Rebilloter : se remettre en cause quand on a la tête sur le billot.
Je pensais que cette histoire de dépression post agreg était exagérée. Mais si je dois être honnête, je crois bien en passer par là. J'ai peu envie de causer, je m'oblige à sortir et à me préparer, je fais la sieste à cause d'une fatigue lancinante, je ne parviens pas à travailler pour le lycée.
Je tente de ne pas voir cette non-admission comme un échec, et pourtant. Pourtant ce ratage fait remonter à la surface de nombreux souvenirs et des sentiments sombres du passé.
Les humiliations quotidiennes de la classe prépa pendant deux ans. La copie de spécialité philo sur laquelle le prof avait noté : "Vous feriez mieux de planter des poireaux que de faire de la philosophie".
Ma soutenance de mémoire avec une peau de vache qui commence l'entretien par "C'est de vous ?" avec un mouvement méprisant de menton vers mon travail, et qui achève la soutenance par :
_ Vous envisagez quoi, après ?
_ Passer le capes, et peut-être l'agrégation.
_ Le capes à la rigueur, et ça sera difficile.
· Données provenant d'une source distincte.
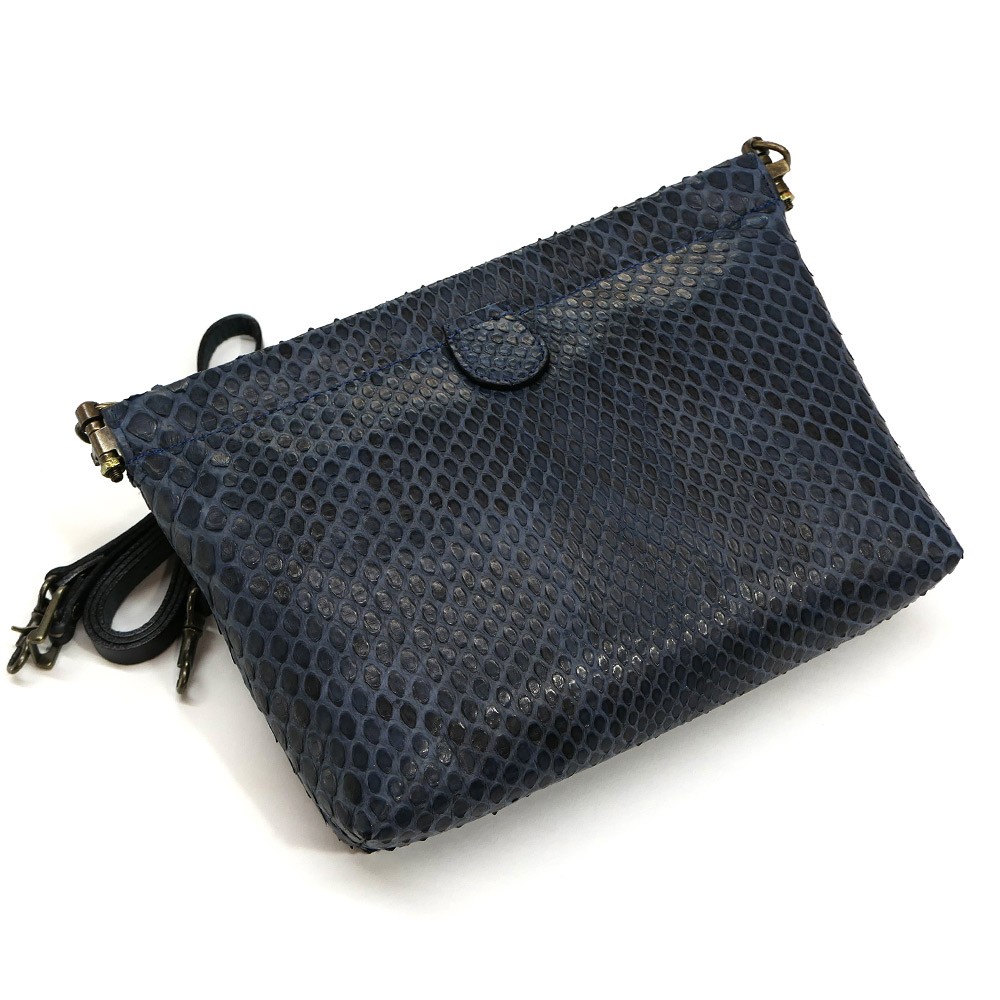 バネ口金240 2WAY レザーポーチ バッグ 小物入れ モラレスパイソン 蛇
L'agrégation, oubliez.
Le Viking, mon seul ex masculin, qui m'avait lancé, alors que je lui annonçais que je passais en khâgne : "Avec tes notes ? Ils te laissent passer avec de telles notes ?"
Tous les collègues et chefs d'établissement qui me regardaient de haut ou ne me voyaient pas car j'étais "seulement" TZR, et qui ignoraient pour beaucoup que le T signifie "titulaire".
C., qui pensait que je l'avais trahie en faisant une khâgne de philo plutôt que de lettres.
J'en oublie sans doute. Et puis injustement je ne mentionne pas tous ceux qui ont crû ou croient en moi. Leurs mots se gravent moins en mon esprit que les reproches et les humiliations des autres.
Alors j'aurais voulu l'avoir, cette agrégation, juste pour prouver une fois que je pouvais viser l'excellence intellectuelle. Réussir brillamment. (J'ai décroché le capes dans des conditions équivalentes, alors que j'étais à plein temps, mais vraiment sans "briller" : je suis arrivée ric rac en bas de la liste des admis)
J'appréhende beaucoup la reprise au lycée, de fait. Dire et redire "Non, je ne l'ai pas eue". Sans rentrer dans les détails, sans chercher à me justifier.
Bon sang, j'ai beau savoir au fond de moi que je vais sans doute repiquer une année, je n'ai pour l'instant aucune énergie, aucune motivation réelle, aucune foi !
J'ai juste envie de repartir sur les chemins, d'avoir de véritables vacances avant de reprendre, d'avoir une maison avec un jardin, Flûtine près de moi tout le temps.